Although the greatest volume of quantitative climate reconstructions exists for the two time periods analysed here, some of the underlying data sets include reconstructions at more closely spaced time intervals; synthesis of these for, say, 1,000-year intervals would be worthwhile for comparison with a new generation of transient climate model simulations, as proposed in PMIP3. Further analyses of the data presented here are also possible, for example examination of elevational gradients in climate anomalies which can give further insight into underlying climate processes (cf. Farrera et al. 1999; Kageyama et al. 2005).

We have focused on quantitative reconstructions based on pollen and/or plant macrofossil data, but site-based climate reconstructions have been made using chironomid or coleopteran assemblages (e.g. Atkinson et al. 1987; Heiri et al. 2003), and using geochemical techniques (e.g. Stute et al. 1992; Jones et al. 2004). Synthesis of such data could provide a way of checking the reconstructions presented here, but more importantly of expanding the regional coverage of quantitative reconstructions.

The changes in regional climates inferred from pollen and/or plant macrofossil data could also be compared with records that provide more qualitative indications of past climate changes, for example lake-level records (see e.g. Street-Perrott and Harrison 1984; Harrison and Digerfeldt 1993; Harrison et al. 1996). However, some caution needs to be exercised here, to ensure that the sensors are responding to the same aspect of seasonal climate. Vegetation, for example, responds to plant-available moisture whereas lake-levels respond to runoff (i.e. precipitation in excess of that taken up by plants) (Cheddadi et al. 1997). In cases where there is a large enough change in precipitation, and/or plant growth is limited by seasonal temperatures, both plant-available moisture and runoff may increase and hence both sensors will appear to register wetter conditions (see e.g. Thompson et al. 1993; Yu and Harrison 1996; Jolly et al. 1998; Shuman et al. 2002). However, in some situations, lake levels may be high at the same time as the vegetation is registering drier conditions. The classic example is the co-existence of high lake levels and steppic vegetation in southern Europe during the Last Glacial Maximum (see Prentice et al. 1992a, b), where the vegetation is responding to a reduction of precipitation during the growing season while the lakes reflect increased runoff during the winter.

Finally, recent advances in data assimilation open up the possibility that palaeodata could be used to constrain the parameters of climate models and thereby improve reliability and realism, and assign quantitative uncertainties, in future climate prediction. Systematic approaches to data assimilation have been developed for present day climate and Earth system model components with reduced spatio-temporal resolution, simplified process representations, or reduced sets of parameters (e.g. Marotzke et al. 1999; Rayner et al. 2005).
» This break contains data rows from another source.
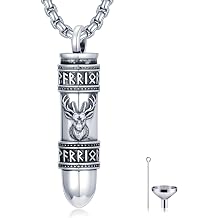 SIMONLY Bullet Urn Necklaces for Ashes 925 Sterling Silver Lion Eagle Compass Tree of Life Necklace Viking Warrior Leo Cremation Jewelry for Men Women Unisex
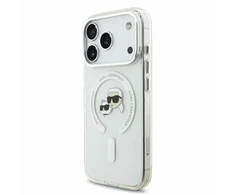 Dėklas Karl Lagerfeld IML K&amp;CH Heads Metal Frame MagSafe Case for iPhone 18 Pro Baltas
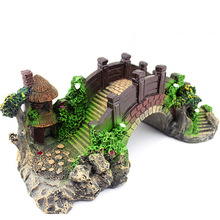 鱼缸造景小桥水族装饰假桥金鱼缸摆设假山水草桥仿真桥大小号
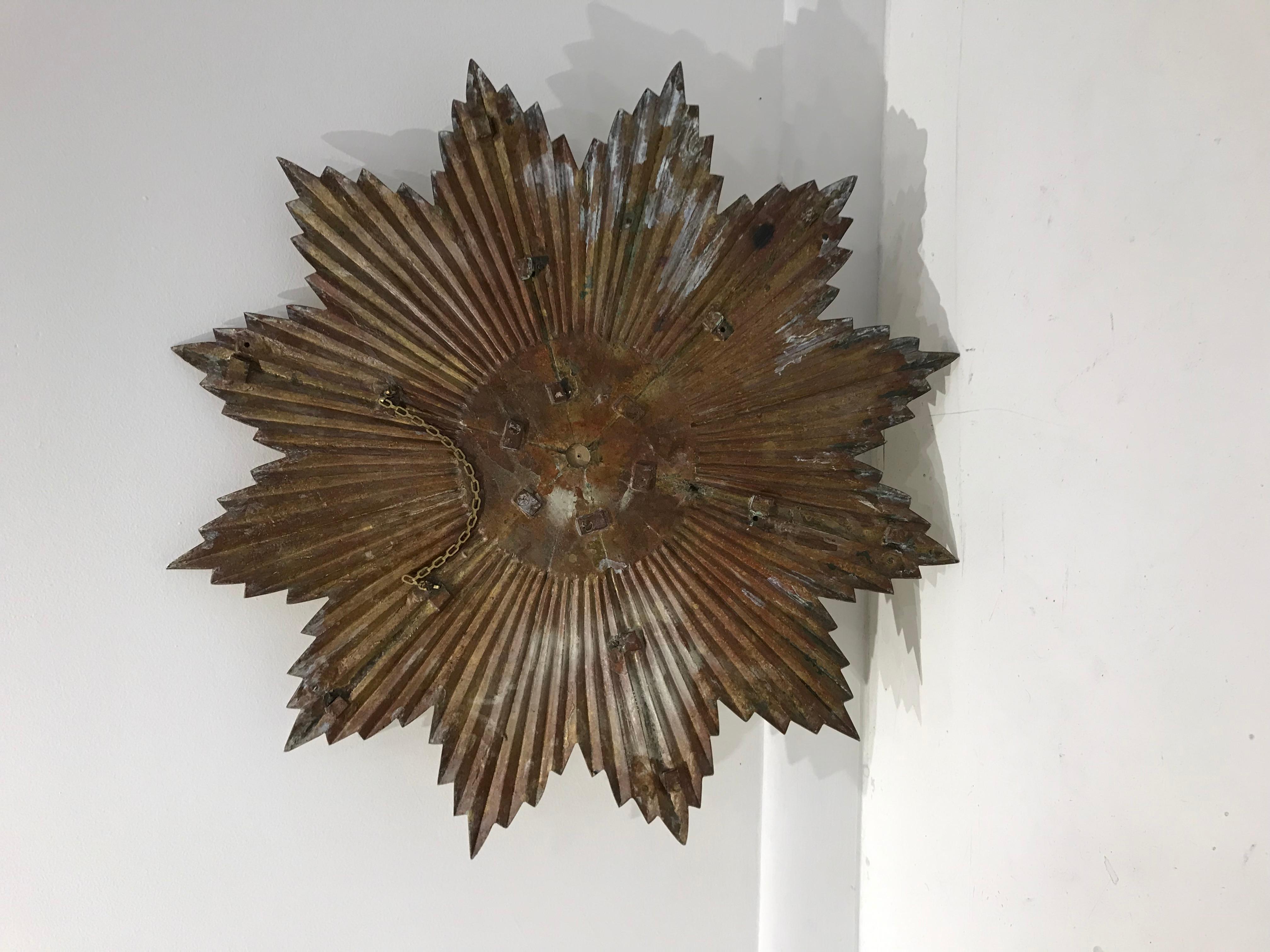 French Mid-Century Modern Gilt Bronze Sunburst Mirror 1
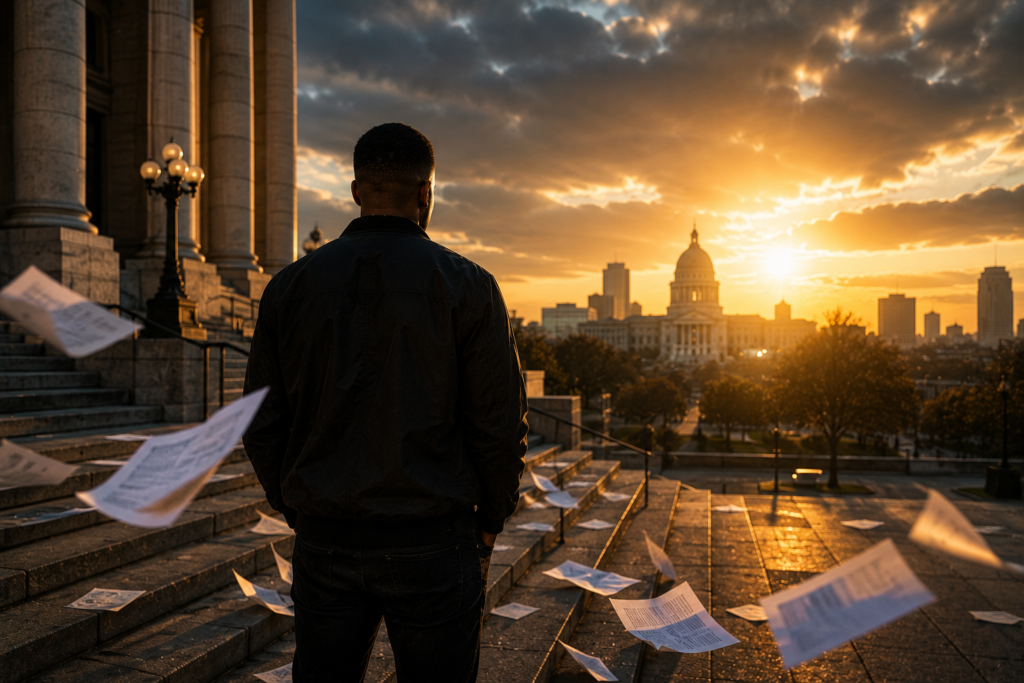 Man standing outside a courthouse at sunrise looking toward a government building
A system to apply these approaches to climate modelling has been demonstrated (Kaminski et al. 2007), and a further natural development of this system would allow fully coupled, dynamic climate system models to be constrained with palaeoclimate reconstructions using this variational approach. A rigorous method to combine models and palaeodata should help to provide a better understanding of the interactions between different components of the climate system, and establish a tighter link between palaeoclimate observation and Earth system modeling.